Réponse apportée en séance publique le 21/06/2018

M. Benjamin Griveaux, secrétaire d'État auprès du Premier ministre, porte-parole du Gouvernement. Vous l'avez rappelé, madame la sénatrice, le projet de loi dit « PACTE », qui a été présenté en conseil des ministres le 18 juin dernier, prévoit la cession, par l'État, de ses participations dans trois grandes entreprises : Engie, la Française des jeux et Aéroports de Paris. En cela, notre objectif est triple.

Premièrement, il s'agit d'investir pour l'avenir, au travers d'un fonds dénommé « fonds pour l'innovation de rupture », qui sera doté d'une dizaine de milliards d'euros et permettra de dégager 200 à 300 millions d'euros de revenus par an.

Le but, ici, est que l'État assume pleinement son rôle de stratège dans le domaine économique, avec comme préoccupation de ne pas céder aux exigences parfois « court-termistes » des marchés et de travailler sur une innovation de rupture, plutôt que d'en rester à une innovation incrémentale.

L'État, sans doute, doit jouer un rôle plus stratégique que celui qui consisterait à se contenter d'être l'heureux bénéficiaire de dividendes d'entreprises intervenant dans des secteurs d'activité qui ne figureront probablement pas, demain, parmi les secteurs permettant à la France de retrouver un modèle économique florissant et d'entrer de plain-pied dans le XXIe siècle.

Deuxièmement, madame la sénatrice, vous nous dites que nous privons les Français de ces dividendes.
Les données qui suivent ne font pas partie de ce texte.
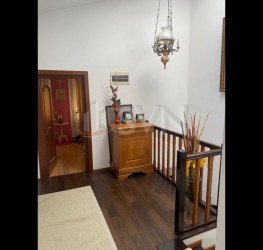 Casa, 5 rooms, 150 mp Dambovita/Centru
Mais les Français ne sont pas actionnaires, et c'est là, d'ailleurs, une culture bien française : nombre de nos grandes entreprises sont détenues par l'État ou des fonds d'investissement étrangers.

Ces cessions de titres de l'État ont précisément pour but de permettre l'émergence d'un actionnariat populaire dans notre pays (Exclamations sur les travées du groupe Les Républicains, sur les travées du groupe socialiste et républicain et du groupe communiste républicain citoyen et écologiste.), afin que chaque Français puisse détenir une part de ces entreprises qui, dans notre pays, sont rentables et, ainsi, toucher des dividendes.

Mme Éliane Assassi. Comme c'est laborieux !

M. Benjamin Griveaux, secrétaire d'État. Troisièmement, l'État peut être stratège au travers de la détention de capitaux dans une entreprise publique, mais il a aussi une fonction de régulation,… (Mêmes mouvements.)

Mme Éliane Assassi. Ce n'est pas sérieux !

M. Benjamin Griveaux, secrétaire d'État. … à laquelle, mesdames, messieurs les sénateurs, je vous sais attachés, indépendamment de vos sensibilités politiques.

Nous renforcerons aussi les mécanismes de régulation, notamment s'agissant de la Française des jeux et du Pari mutuel urbain, ou PMU. C'est un sujet, je le sais également, madame la sénatrice, dont vous êtes soucieuse. (Applaudissements sur les travées du groupe La République En Marche.)

M. le président. La parole est à Mme Anne-Catherine Loisier, pour la réplique.

Mme Anne-Catherine Loisier. Monsieur le secrétaire d'État, à force de nationaliser les déficits et de privatiser les bénéfices, nous appauvrissons l'État.

Vous avez parlé d'innovation pour l'avenir. L'innovation, notamment dans l'administration de la France, c'est peut-être aussi inventer de nouveaux partenariats gagnants-gagnants, pas seulement pour les entreprises – c'est important –, mais aussi pour l'État, en faisant, sur le long terme, fructifier le patrimoine public des générations à venir ! (Applaudissements sur les travées du groupe Union Centriste et du groupe Les Républicains, ainsi que sur des travées du groupe socialiste et républicain et du groupe communiste républicain citoyen et écologiste.)